Sam Rockwell, the likely winner of a Best Supporting Actor Oscar next month, was given the royal tribute treatment last night at the Santa Barbara Film Festival.
Critics-award-wise, Rockwell’s performance in Three Billboards Outside Ebbing, Missouri was lagging behind Willem Dafoe‘s in The Florida Project all through December, but then Rockwell suddenly surged at the Golden Globes and has the been the heir apparent golden boy ever since. This aspect wasn’t mentioned, of course, by Vanity Fair contributor and moderator Krista Smith.
The only beef I had with the presentation is that no mention was made of Rockwell’s performance in Lynn Shelton‘s Laggies, one of those confident, charismatic, rock-steady performances that doesn’t miss a trick.
(l. to r.) Krista Smith, Rockwell, actor-director Clark Gregg.

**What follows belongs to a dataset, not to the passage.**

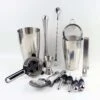 Set à Cocktail 14 Pièces - Acier Inoxydable - Passe Au Lave-vaisselle - Haute Qualité - Pour Professionnels Et Débutants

From “Rockwell’s Moment,” posted on 10.26.17: “I’ve been a Sam Rockwell fan for ages. He’s primarily known for playing loopy eccentrics or crazy fucks. He plays a somewhat more interesting character in Three Billboards outside of Ebbing, Missouri — Jason Dixon, a small-town, none-too-bright deputy who screws his life up with violence and stupidity, and then actually self-reflects and grows out of a place of despair and self-loathing. And you admire him for that. This is why, I suspect, Rockwell is looking at a likely Oscar nomination.

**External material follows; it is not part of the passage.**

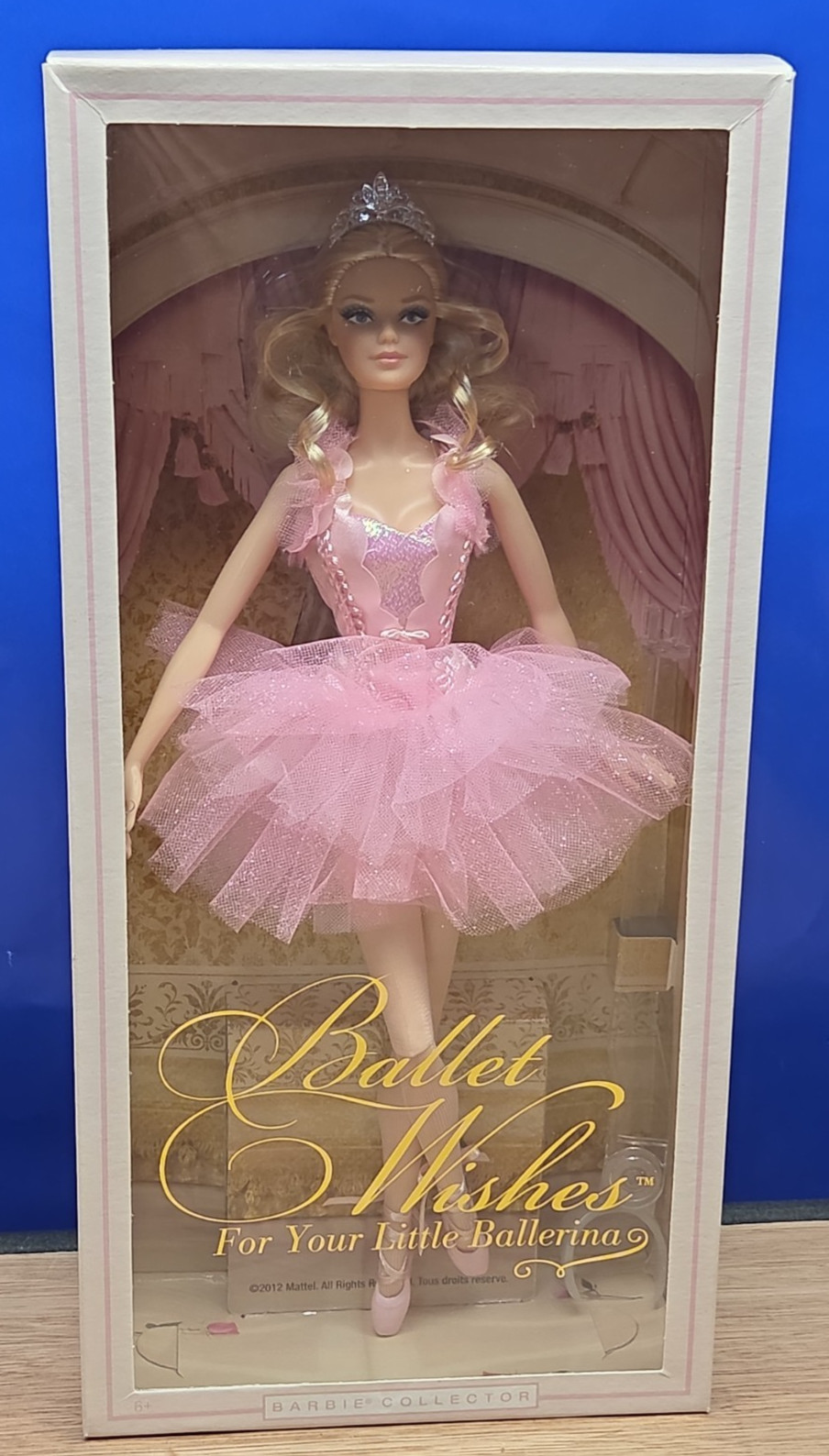 2012 Mattel “Ballet Wishes Barbie” #X8276 *NRFB*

But his two most likable performances, for me, were variations of droll — Owen, a droll father figure type, in Nat Faxon and Jim Rash‘s The Way, Way Back (’13), and Craig, a droll single dad and a possible romantic attachment for Keira Knightley, in Lynn Shelton‘s Laggies (’14). And he was even more winning as the perversely droll Mervyn in Martin McDonagh‘s A Behanding in Spokane, a B’way play that happened in 2010.So in my mind Rockwell’s forthcoming nomination is about Jason, Owen, Craig and Mervyn all rolled into one. Plus the dancing thing.
Previous Rockwell post: “I do know that when you hire Sam Rockwell you’re going to get one of his head-scratchy, soft-shoe-shuffle performances that are mainly about how hip-weird and hip-dorky he can be if the director doesn’t tell him to get down and focus his ass and stop hacking around.”